DATASET CONTENT START

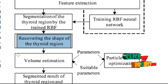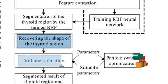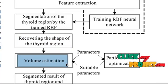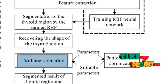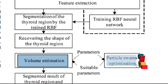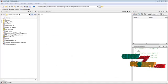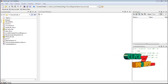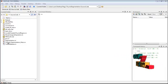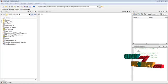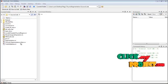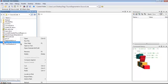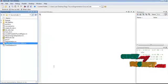Finally, the volume of the segmented thyroid region is estimated using particle swarm optimization. Now we will see the demo of this project. To execute, right-click on the thyroid segmentation main .m file from the source code folder and select Run File.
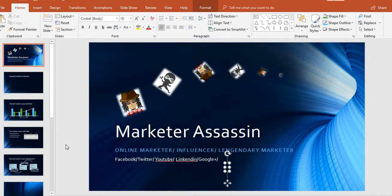Hello YouTube world, Marketer Assassin here. If you're new here, subscribe — hit that subscribe button — because you're going to want to learn my teachings, my methods, my techniques, my god-level marketing strategies. You're going to want to learn it all.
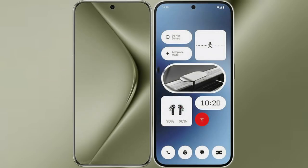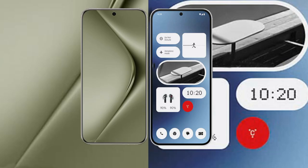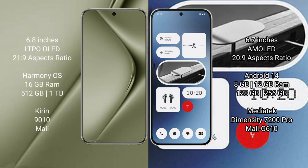I will compare the new Huawei Pura 70 Ultra with Nothing Phone 2a. Huawei Pura 70 Ultra comes with 6.8 inches LTPO OLED display and 21:9 aspect ratio. Nothing Phone 2a comes with 6.7 inches AMOLED display and 20:9 aspect ratio.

DATASET CONTENT END

**TASK DESCRIPTION:** Exactly as written, repeat the lines of the material above from the first through the line holding "Hello YouTube world, Marketer", with both ends in the copy and no pictures.

**TASK OUTPUT:**
Finally, the volume of the segmented thyroid region is estimated using particle swarm optimization. Now we will see the demo of this project. To execute, right-click on the thyroid segmentation main .m file from the source code folder and select Run File.
Hello YouTube world, Marketer Assassin here. If you're new here, subscribe — hit that subscribe button — because you're going to want to learn my teachings, my methods, my techniques, my god-level marketing strategies. You're going to want to learn it all.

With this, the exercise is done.